В. Иванов — вполне символический поэт в только что объясненном смысле. Здесь речь идет не о том символизме, который, окрещенный так во Франции, еще недавно властвовал умами и представлял собою совокупность известных приемов более или менее иносказательного стихотворного письма. Символизм Иванова не в приемах; он, по собственному заявлению поэта, «лежит вне эстетических категорий» <…> он — неминуемое последствие направления, принятого творческим вниманием. В «Нежной Тайне» не найдешь иносказаний: напротив, непрестанно чувствуешь все усилие художника говорить как можно прямее, насколько только дозволяет заведомая несказанность Тайны, и удивляешься, как много в этом отношении достигнуто [Недоброво 1913].

К акмеизму же «Русская молва» отнеслась резко отрицательно. Ему посвящены за недолгую жизнь газеты, неполные девять месяцев, четыре материала. Первый, написанный Б. Садовским под псевдонимом Мимоза (в других материалах этой газеты он ставил свое имя), представляет собой разгромный обзор журнала «Гиперборей» и Цеха поэтов в целом. Негодуя и картинно недоумевая по поводу самого названия Цеха, Садовской-Мимоза пишет:

Признаюсь, последнее название давно уж меня смущало и ставило в тупик. Как это поэты могут объединяться в цех? Приложимо ли самое понятие о ремесле к понятию о поэзии? Обидно делалось за священное звание поэта, ставящего себя на одну доску с ремесленником <…> Перелистав их тощие, превосходно изданные книжки, я облегченно вздохнул, и все мне стало ясно: представители цеха все что угодно, но только не поэты [Мимоза 1912].

Автор статьи, как будто забывший пушкинское «цех задорный», обвиняет «цехистов» в «узости и бедности», в ремесленничестве, подражательстве. Исключение он делает лишь для Городецкого, недоумевая, как тот оказался в столь недостойной компании. Но самое главное, можно подумать, что в Цехе видит Садовской угрозу символизму (несмотря на облегченный вздох минутой раньше) и спешит произнести свой вердикт:

…чтобы после Брюсова и Блока самодовольно прищелкивать во всеуслышание эстетическими каблучками, рядиться в экзотические тряпки и продевать себе кольца в нос, бережно засушивать свои мелкие впечатленьица в листках переведенных с иностранного книжек, видеть подвиг в том, что к любому слову можно подобрать любую рифму, — это такое глубокое падение, такой чудовищный поворот назад, за которым слышится уже явственно сухой стук мертвых кладбищенских костей [Мимоза 1912].

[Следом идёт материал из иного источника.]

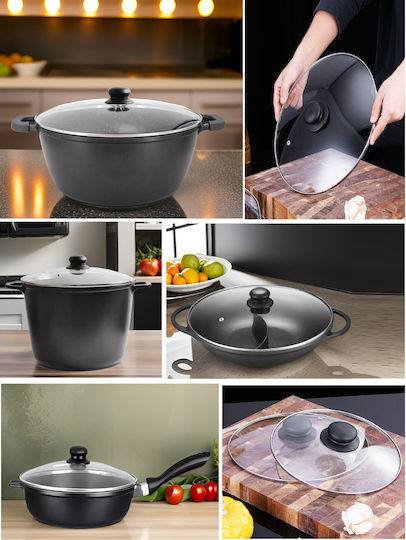 Cheffinger Капак за Тиган и Пот Стъклен 28см CF-GL28 Cheffinger Капак за Тиган и Пот Стъклен 28см CF-GL28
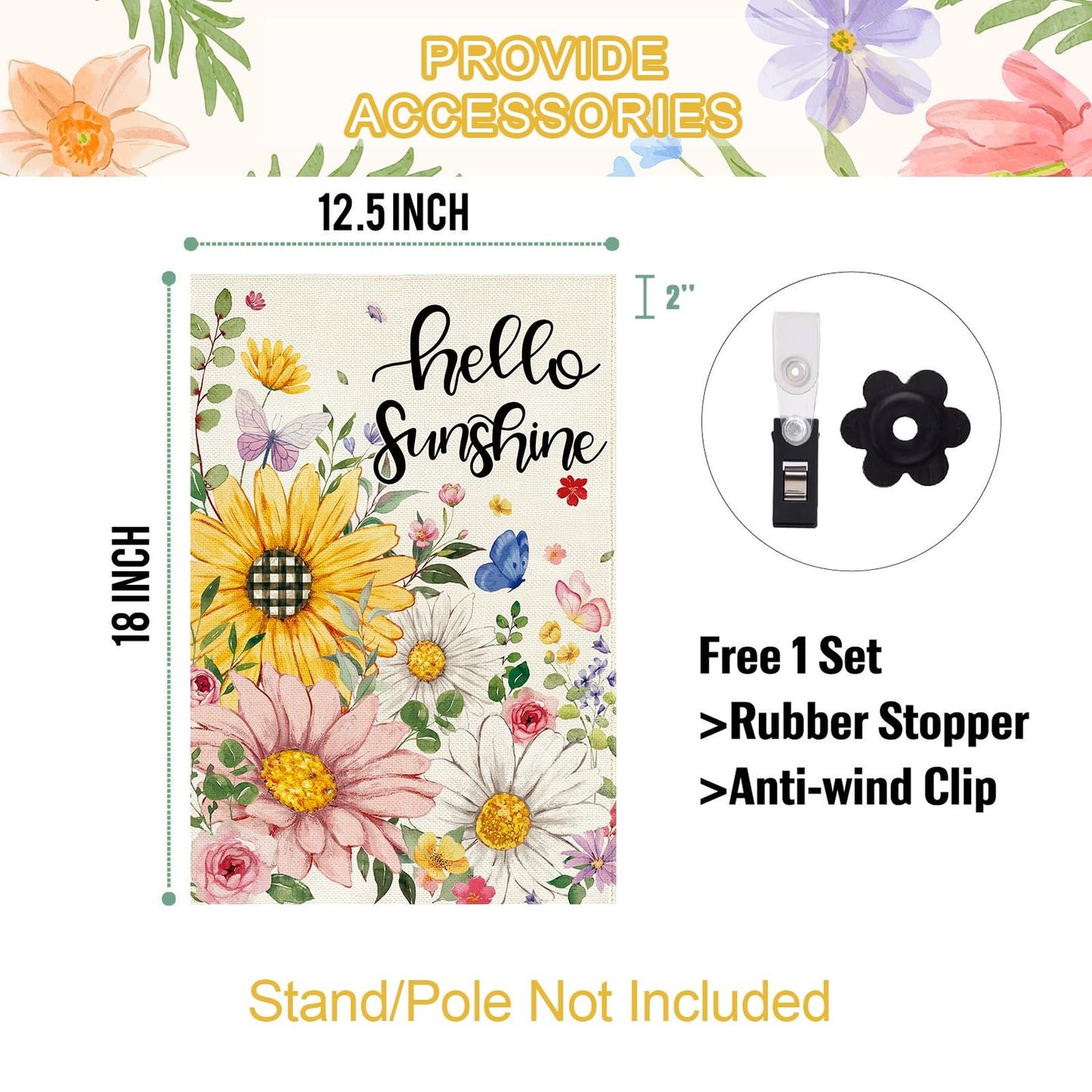 Baccessor Spring Summer Garden Flag Double Sided 12.5 x 18 Inch Burlap with Clip and Stopper,Hello Sunshine Sunflowers Daisy Flag Seasonal Farmhouse Yard Lawn Outside Outdoor Decoration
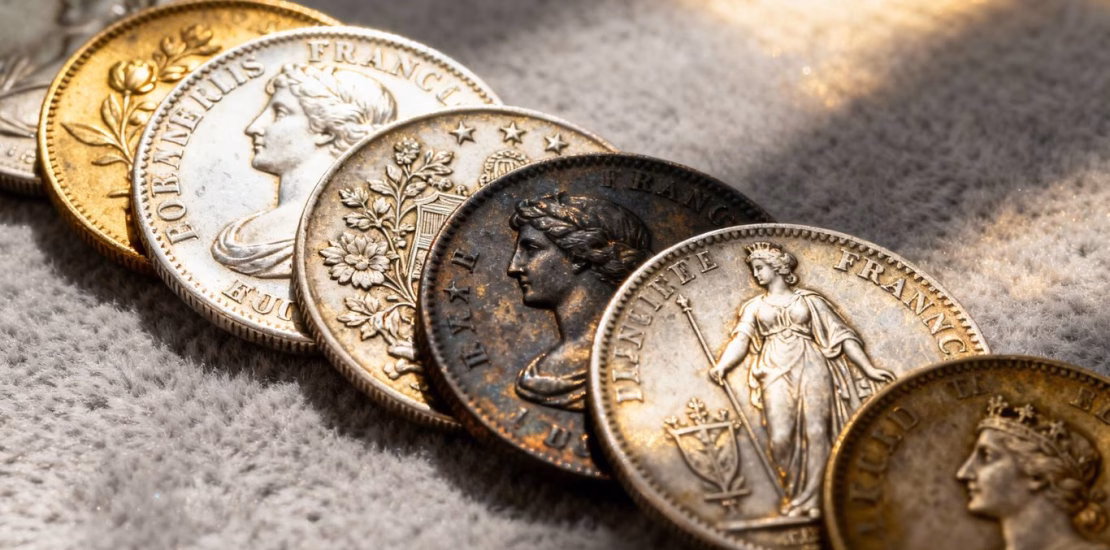 عملات فضية فرنسية قديمة، صورة مقربة، لمعان معدني.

Но почему все-таки Садовской «облегченно вздохнул», разочаровавшись в новых поэтах? Вспомним, как внимателен был всегда Брюсов, прочитывавший сотни стихотворных сборников, к начинающим поэтам, если находил в их стихах хотя бы проблеск дарования, как он готов был простить многие их формальные огрехи. Напротив, Садовскому, похоже, застит глаза ревность к начинающим.

Итак, автор «Яри» для Садовского стоит неизмеримо выше, чем автор «Жемчугов». Впрочем, о поэзии Гумилева он не пишет (разве только в издевательском тоне упоминает стихотворение «В библиотеке»), не слышал как будто и о «Вечере» Ахматовой, зато, как мы видим, припечатывает «господ цехистов», не жалея эпитетов и прочих средств, вплоть до запрещенных, когда, вспомнив все-таки «Капитанов», критик отождествляет с самим автором даже не персонажей третьей части — «веселых матросов», — а обезьянок, которых те сбывают с рук в порту:

Иль у знатных иностранок
Дерзко выклянчить два су,
Продавать им обезьянок
С медным обручем в носу.

«…Дружеская критика не есть критика вовсе», — морализировал Садовской по поводу статей «Гиперборея». Однако и разносная критика по прошествии времени вызывает вопросы — во всяком случае, характеризует ее автора еще больше, чем разбираемого, как в свое время писал об этом Гоголь.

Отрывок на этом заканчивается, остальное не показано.